(Dataset extract)
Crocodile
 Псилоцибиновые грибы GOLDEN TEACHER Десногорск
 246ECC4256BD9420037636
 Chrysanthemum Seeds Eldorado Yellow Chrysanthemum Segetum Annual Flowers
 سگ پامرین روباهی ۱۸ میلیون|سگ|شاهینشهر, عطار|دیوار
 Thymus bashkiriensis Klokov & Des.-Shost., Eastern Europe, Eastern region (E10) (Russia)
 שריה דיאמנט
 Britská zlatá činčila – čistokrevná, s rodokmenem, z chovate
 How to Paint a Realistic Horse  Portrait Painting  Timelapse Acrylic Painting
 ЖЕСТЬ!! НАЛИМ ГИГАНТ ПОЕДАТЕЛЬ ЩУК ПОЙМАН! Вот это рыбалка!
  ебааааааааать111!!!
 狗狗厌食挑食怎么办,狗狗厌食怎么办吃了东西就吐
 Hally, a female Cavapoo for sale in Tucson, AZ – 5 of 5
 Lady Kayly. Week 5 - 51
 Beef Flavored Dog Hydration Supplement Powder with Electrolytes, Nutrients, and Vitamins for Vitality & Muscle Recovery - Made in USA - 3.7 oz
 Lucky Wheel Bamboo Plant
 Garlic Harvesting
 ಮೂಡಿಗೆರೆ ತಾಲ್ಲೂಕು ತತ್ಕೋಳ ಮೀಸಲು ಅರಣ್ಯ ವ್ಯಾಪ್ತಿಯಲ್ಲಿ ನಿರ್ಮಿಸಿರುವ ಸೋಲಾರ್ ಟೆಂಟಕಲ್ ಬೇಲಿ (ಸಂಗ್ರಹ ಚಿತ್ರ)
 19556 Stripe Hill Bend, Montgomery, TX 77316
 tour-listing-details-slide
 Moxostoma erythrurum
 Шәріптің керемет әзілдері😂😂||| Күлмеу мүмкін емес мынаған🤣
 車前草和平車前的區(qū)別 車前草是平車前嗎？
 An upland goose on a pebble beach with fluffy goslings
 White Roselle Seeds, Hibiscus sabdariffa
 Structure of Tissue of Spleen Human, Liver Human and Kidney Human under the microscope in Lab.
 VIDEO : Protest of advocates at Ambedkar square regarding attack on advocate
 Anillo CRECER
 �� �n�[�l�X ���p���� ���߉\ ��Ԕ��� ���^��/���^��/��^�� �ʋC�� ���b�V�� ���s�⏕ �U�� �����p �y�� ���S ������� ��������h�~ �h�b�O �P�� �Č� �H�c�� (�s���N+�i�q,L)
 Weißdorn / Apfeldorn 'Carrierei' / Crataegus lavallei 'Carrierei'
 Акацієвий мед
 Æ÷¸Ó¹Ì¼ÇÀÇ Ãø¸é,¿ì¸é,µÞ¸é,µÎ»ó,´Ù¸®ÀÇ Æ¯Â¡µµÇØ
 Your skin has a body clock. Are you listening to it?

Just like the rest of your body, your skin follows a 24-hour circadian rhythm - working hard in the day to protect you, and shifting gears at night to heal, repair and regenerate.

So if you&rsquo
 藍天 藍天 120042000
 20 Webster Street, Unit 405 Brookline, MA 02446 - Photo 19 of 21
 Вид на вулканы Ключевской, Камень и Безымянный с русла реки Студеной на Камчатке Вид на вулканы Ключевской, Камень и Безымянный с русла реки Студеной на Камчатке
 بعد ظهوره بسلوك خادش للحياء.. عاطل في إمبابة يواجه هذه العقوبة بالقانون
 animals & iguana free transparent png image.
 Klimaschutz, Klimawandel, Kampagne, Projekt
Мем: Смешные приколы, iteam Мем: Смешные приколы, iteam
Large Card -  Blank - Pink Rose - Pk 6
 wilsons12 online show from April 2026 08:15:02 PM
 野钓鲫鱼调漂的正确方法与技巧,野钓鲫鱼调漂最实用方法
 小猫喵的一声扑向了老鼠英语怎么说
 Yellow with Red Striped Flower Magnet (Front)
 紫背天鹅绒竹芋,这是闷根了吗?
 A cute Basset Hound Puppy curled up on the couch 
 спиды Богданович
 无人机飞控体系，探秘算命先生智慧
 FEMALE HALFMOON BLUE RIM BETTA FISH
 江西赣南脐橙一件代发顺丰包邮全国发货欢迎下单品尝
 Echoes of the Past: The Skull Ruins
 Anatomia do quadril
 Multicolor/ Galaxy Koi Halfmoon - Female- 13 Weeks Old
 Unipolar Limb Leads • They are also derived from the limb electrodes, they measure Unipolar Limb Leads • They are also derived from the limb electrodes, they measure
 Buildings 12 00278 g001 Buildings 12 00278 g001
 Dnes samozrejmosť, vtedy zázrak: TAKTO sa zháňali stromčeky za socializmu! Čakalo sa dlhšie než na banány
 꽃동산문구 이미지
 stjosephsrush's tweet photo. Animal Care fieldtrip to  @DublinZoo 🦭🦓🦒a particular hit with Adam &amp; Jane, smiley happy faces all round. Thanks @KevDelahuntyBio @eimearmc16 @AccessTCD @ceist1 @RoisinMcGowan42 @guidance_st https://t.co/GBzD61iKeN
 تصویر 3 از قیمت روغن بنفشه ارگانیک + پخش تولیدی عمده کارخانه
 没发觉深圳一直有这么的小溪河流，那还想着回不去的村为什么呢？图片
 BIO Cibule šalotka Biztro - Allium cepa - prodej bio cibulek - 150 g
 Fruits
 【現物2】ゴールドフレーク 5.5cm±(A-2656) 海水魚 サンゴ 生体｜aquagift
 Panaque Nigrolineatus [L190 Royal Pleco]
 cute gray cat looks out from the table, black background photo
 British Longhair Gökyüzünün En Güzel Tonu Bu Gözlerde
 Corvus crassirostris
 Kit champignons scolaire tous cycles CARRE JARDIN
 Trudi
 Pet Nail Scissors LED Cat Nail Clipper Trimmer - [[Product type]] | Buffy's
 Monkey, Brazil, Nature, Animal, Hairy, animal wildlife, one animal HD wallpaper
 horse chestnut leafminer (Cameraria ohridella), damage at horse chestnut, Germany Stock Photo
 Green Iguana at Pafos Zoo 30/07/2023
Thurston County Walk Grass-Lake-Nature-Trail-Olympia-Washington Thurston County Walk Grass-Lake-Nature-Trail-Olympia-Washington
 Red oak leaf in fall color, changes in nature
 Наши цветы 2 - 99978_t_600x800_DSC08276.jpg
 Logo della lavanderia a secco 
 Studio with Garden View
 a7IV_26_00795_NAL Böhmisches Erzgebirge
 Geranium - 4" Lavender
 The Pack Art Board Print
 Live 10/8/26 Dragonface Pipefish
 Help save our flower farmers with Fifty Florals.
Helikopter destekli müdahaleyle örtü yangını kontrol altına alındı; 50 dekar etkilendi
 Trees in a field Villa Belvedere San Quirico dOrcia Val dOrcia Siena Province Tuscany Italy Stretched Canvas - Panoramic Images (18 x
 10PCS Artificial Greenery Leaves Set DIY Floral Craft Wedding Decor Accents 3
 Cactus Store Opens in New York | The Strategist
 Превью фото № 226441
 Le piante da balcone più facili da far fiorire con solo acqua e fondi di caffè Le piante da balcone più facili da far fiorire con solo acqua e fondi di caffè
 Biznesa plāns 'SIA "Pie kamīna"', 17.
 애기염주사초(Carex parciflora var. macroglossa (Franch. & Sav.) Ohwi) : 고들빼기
(End Dataset extract)
• What you should do: Give back the data above exactly as it appears.

• Finished task:
Crocodile
 Псилоцибиновые грибы GOLDEN TEACHER Десногорск
 246ECC4256BD9420037636
 Chrysanthemum Seeds Eldorado Yellow Chrysanthemum Segetum Annual Flowers
 سگ پامرین روباهی ۱۸ میلیون|سگ|شاهینشهر, عطار|دیوار
 Thymus bashkiriensis Klokov & Des.-Shost., Eastern Europe, Eastern region (E10) (Russia)
 שריה דיאמנט
 Britská zlatá činčila – čistokrevná, s rodokmenem, z chovate
 How to Paint a Realistic Horse  Portrait Painting  Timelapse Acrylic Painting
 ЖЕСТЬ!! НАЛИМ ГИГАНТ ПОЕДАТЕЛЬ ЩУК ПОЙМАН! Вот это рыбалка!
  ебааааааааать111!!!
 狗狗厌食挑食怎么办,狗狗厌食怎么办吃了东西就吐
 Hally, a female Cavapoo for sale in Tucson, AZ – 5 of 5
 Lady Kayly. Week 5 - 51
 Beef Flavored Dog Hydration Supplement Powder with Electrolytes, Nutrients, and Vitamins for Vitality & Muscle Recovery - Made in USA - 3.7 oz
 Lucky Wheel Bamboo Plant
 Garlic Harvesting
 ಮೂಡಿಗೆರೆ ತಾಲ್ಲೂಕು ತತ್ಕೋಳ ಮೀಸಲು ಅರಣ್ಯ ವ್ಯಾಪ್ತಿಯಲ್ಲಿ ನಿರ್ಮಿಸಿರುವ ಸೋಲಾರ್ ಟೆಂಟಕಲ್ ಬೇಲಿ (ಸಂಗ್ರಹ ಚಿತ್ರ)
 19556 Stripe Hill Bend, Montgomery, TX 77316
 tour-listing-details-slide
 Moxostoma erythrurum
 Шәріптің керемет әзілдері😂😂||| Күлмеу мүмкін емес мынаған🤣
 車前草和平車前的區(qū)別 車前草是平車前嗎？
 An upland goose on a pebble beach with fluffy goslings
 White Roselle Seeds, Hibiscus sabdariffa
 Structure of Tissue of Spleen Human, Liver Human and Kidney Human under the microscope in Lab.
 VIDEO : Protest of advocates at Ambedkar square regarding attack on advocate
 Anillo CRECER
 �� �n�[�l�X ���p���� ���߉\ ��Ԕ��� ���^��/���^��/��^�� �ʋC�� ���b�V�� ���s�⏕ �U�� �����p �y�� ���S ������� ��������h�~ �h�b�O �P�� �Č� �H�c�� (�s���N+�i�q,L)
 Weißdorn / Apfeldorn 'Carrierei' / Crataegus lavallei 'Carrierei'
 Акацієвий мед
 Æ÷¸Ó¹Ì¼ÇÀÇ Ãø¸é,¿ì¸é,µÞ¸é,µÎ»ó,´Ù¸®ÀÇ Æ¯Â¡µµÇØ
 Your skin has a body clock. Are you listening to it?

Just like the rest of your body, your skin follows a 24-hour circadian rhythm - working hard in the day to protect you, and shifting gears at night to heal, repair and regenerate.

So if you&rsquo
 藍天 藍天 120042000
 20 Webster Street, Unit 405 Brookline, MA 02446 - Photo 19 of 21
 Вид на вулканы Ключевской, Камень и Безымянный с русла реки Студеной на Камчатке Вид на вулканы Ключевской, Камень и Безымянный с русла реки Студеной на Камчатке
 بعد ظهوره بسلوك خادش للحياء.. عاطل في إمبابة يواجه هذه العقوبة بالقانون
 animals & iguana free transparent png image.
 Klimaschutz, Klimawandel, Kampagne, Projekt
Мем: Смешные приколы, iteam Мем: Смешные приколы, iteam
Large Card -  Blank - Pink Rose - Pk 6
 wilsons12 online show from April 2026 08:15:02 PM
 野钓鲫鱼调漂的正确方法与技巧,野钓鲫鱼调漂最实用方法
 小猫喵的一声扑向了老鼠英语怎么说
 Yellow with Red Striped Flower Magnet (Front)
 紫背天鹅绒竹芋,这是闷根了吗?
 A cute Basset Hound Puppy curled up on the couch 
 спиды Богданович
 无人机飞控体系，探秘算命先生智慧
 FEMALE HALFMOON BLUE RIM BETTA FISH
 江西赣南脐橙一件代发顺丰包邮全国发货欢迎下单品尝
 Echoes of the Past: The Skull Ruins
 Anatomia do quadril
 Multicolor/ Galaxy Koi Halfmoon - Female- 13 Weeks Old
 Unipolar Limb Leads • They are also derived from the limb electrodes, they measure Unipolar Limb Leads • They are also derived from the limb electrodes, they measure
 Buildings 12 00278 g001 Buildings 12 00278 g001
 Dnes samozrejmosť, vtedy zázrak: TAKTO sa zháňali stromčeky za socializmu! Čakalo sa dlhšie než na banány
 꽃동산문구 이미지
 stjosephsrush's tweet photo. Animal Care fieldtrip to  @DublinZoo 🦭🦓🦒a particular hit with Adam &amp; Jane, smiley happy faces all round. Thanks @KevDelahuntyBio @eimearmc16 @AccessTCD @ceist1 @RoisinMcGowan42 @guidance_st https://t.co/GBzD61iKeN
 تصویر 3 از قیمت روغن بنفشه ارگانیک + پخش تولیدی عمده کارخانه
 没发觉深圳一直有这么的小溪河流，那还想着回不去的村为什么呢？图片
 BIO Cibule šalotka Biztro - Allium cepa - prodej bio cibulek - 150 g
 Fruits
 【現物2】ゴールドフレーク 5.5cm±(A-2656) 海水魚 サンゴ 生体｜aquagift
 Panaque Nigrolineatus [L190 Royal Pleco]
 cute gray cat looks out from the table, black background photo
 British Longhair Gökyüzünün En Güzel Tonu Bu Gözlerde
 Corvus crassirostris
 Kit champignons scolaire tous cycles CARRE JARDIN
 Trudi
 Pet Nail Scissors LED Cat Nail Clipper Trimmer - [[Product type]] | Buffy's
 Monkey, Brazil, Nature, Animal, Hairy, animal wildlife, one animal HD wallpaper
 horse chestnut leafminer (Cameraria ohridella), damage at horse chestnut, Germany Stock Photo
 Green Iguana at Pafos Zoo 30/07/2023
Thurston County Walk Grass-Lake-Nature-Trail-Olympia-Washington Thurston County Walk Grass-Lake-Nature-Trail-Olympia-Washington
 Red oak leaf in fall color, changes in nature
 Наши цветы 2 - 99978_t_600x800_DSC08276.jpg
 Logo della lavanderia a secco 
 Studio with Garden View
 a7IV_26_00795_NAL Böhmisches Erzgebirge
 Geranium - 4" Lavender
 The Pack Art Board Print
 Live 10/8/26 Dragonface Pipefish
 Help save our flower farmers with Fifty Florals.
Helikopter destekli müdahaleyle örtü yangını kontrol altına alındı; 50 dekar etkilendi
 Trees in a field Villa Belvedere San Quirico dOrcia Val dOrcia Siena Province Tuscany Italy Stretched Canvas - Panoramic Images (18 x
 10PCS Artificial Greenery Leaves Set DIY Floral Craft Wedding Decor Accents 3
 Cactus Store Opens in New York | The Strategist
 Превью фото № 226441
 Le piante da balcone più facili da far fiorire con solo acqua e fondi di caffè Le piante da balcone più facili da far fiorire con solo acqua e fondi di caffè
 Biznesa plāns 'SIA "Pie kamīna"', 17.
 애기염주사초(Carex parciflora var. macroglossa (Franch. & Sav.) Ohwi) : 고들빼기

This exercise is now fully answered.